Kenaikan Utang Pemeirntah

Rendahnya serapan belanja APBN menjadi ironi ketika lebih dari sepertiga pembiayaan APBN ditopang utang. Hingga akhir Agustus, pemerintah telah menarik utang sebesar Rp550,6 triliun. Meski terbilang rendah dibandingkan target sebesar Rp1.177,4 triliun di tahun ini, jumlah utang tersebut tetap besar sebab akan menjadi beban belanja pemerintah pada tahun-tahun mendatang.
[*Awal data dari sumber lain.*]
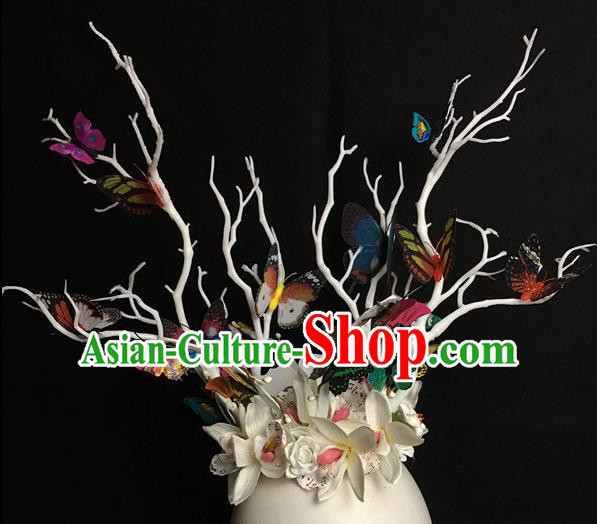 Top Brazilian Carnival Stage Show Headpiece Royal Crown Halloween Catwalks White Flowers Hair Accessories for Women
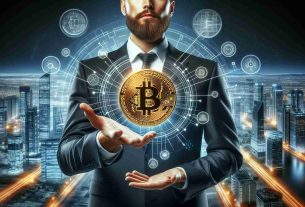 Realistic HD image of a prominent technology entrepreneur in a business suit, holding a golden token with the Bitcoin symbol on it. The background is a futuristic cityscape conveying the concept of a grand future for cryptocurrency.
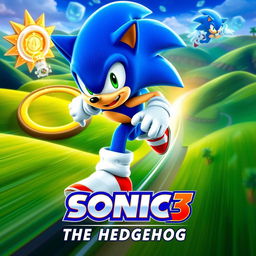 An electrifying teaser poster for 'Sonic 3: The Hedgehog (2024)', featuring Sonic the Hedgehog in his dynamic, signature pose, zooming forward with a blur of speed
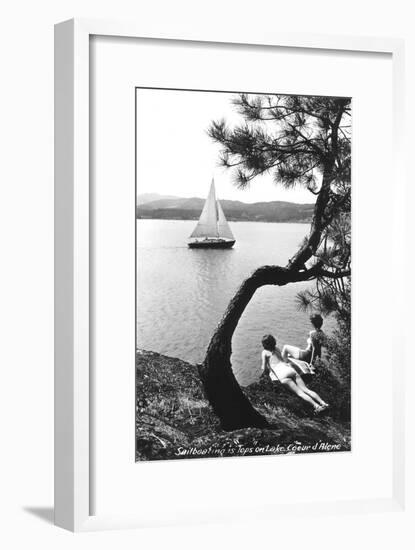 Sailboat on Lake Coeur d'Alene, Idaho-null-Framed Art Print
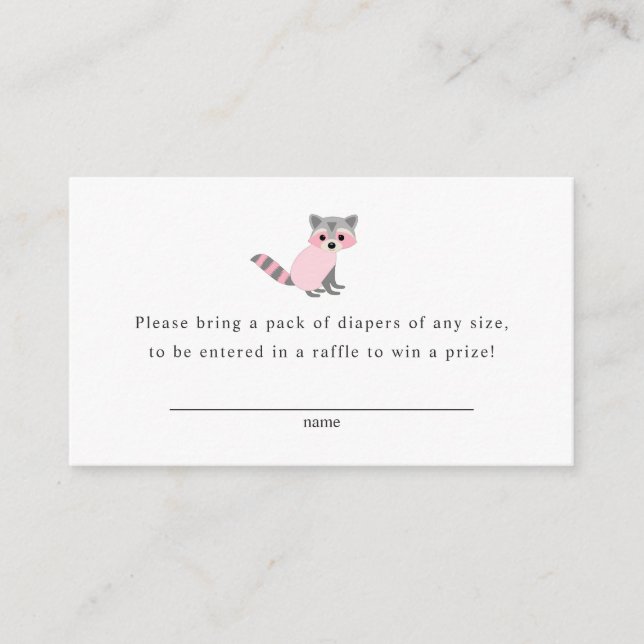 Racoon diaper raffle card for girl baby shower (Front)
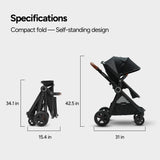 Mompush Ultimate2 Full-Size Stroller, Reversible Seat, Infant to Toddler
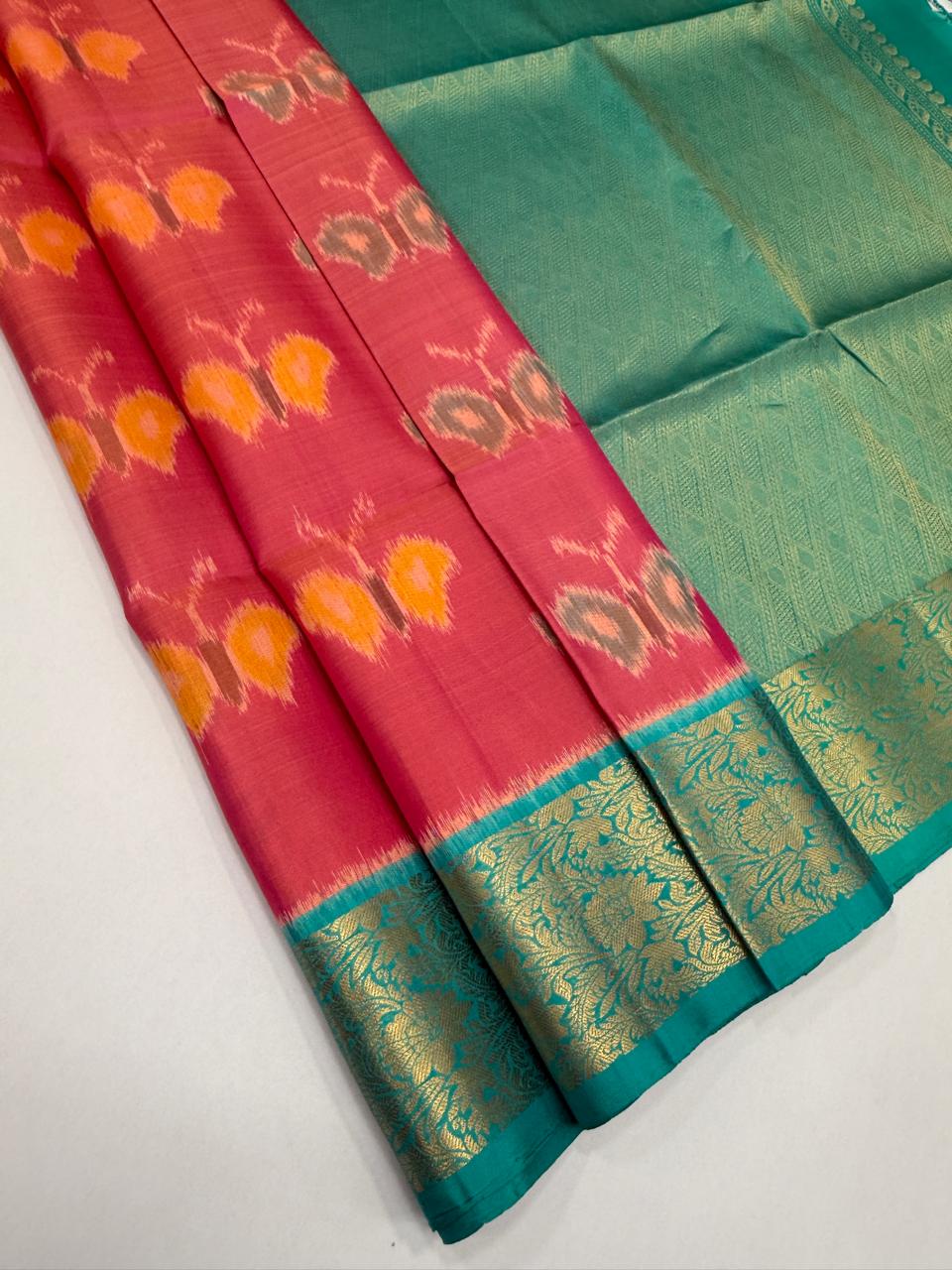 VSIS488 - lotus pink color body , teal green color pallu , blouse - Pure silk saree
Terlebih, akumulasi utang pemerintah pusat sudah mencapai Rp6.570,7 triliun per Juli 2021. Rasionya terhadap Produk Domestik Bruto (PDB) juga terus meningkat. Sebagai perbandingan, pada 2016 total utang pemerintah masih 27,5 persen dari PDB. Namun, tahun ini rasionya 40,51 persen.

Simpanan Daerah Meningkat

Lantaran itu, Sri Mulyani menyoroti simpanan pemerintah daerah (pemda) yang mengalami tren kenaikan sejak 2019. Per 31 Agustus 2021 jumlah simpanan itu masih meningkat 3,01 persen menjadi Rp178,95 triliun dari Juli yang sebesar Rp173,73 triliun. "Kenaikan ini menjadi perhatian kami," tegasnya.

Menurut sang Bendahara Negara, kenaikan tersebut disebabkan rendahnya realisasi belanja daerah. Anggaran Pendapatan dan Belanja Daerah (APBD) di Indonesia baru dibelanjakan sebesar 44,2 persen sampai akhir bulan lalu. Selain itu, saldo rata-rata APBD di akhir tahun dalam tiga tahun belakangan juga cukup besar yakni mencapai Rp96 triliun. 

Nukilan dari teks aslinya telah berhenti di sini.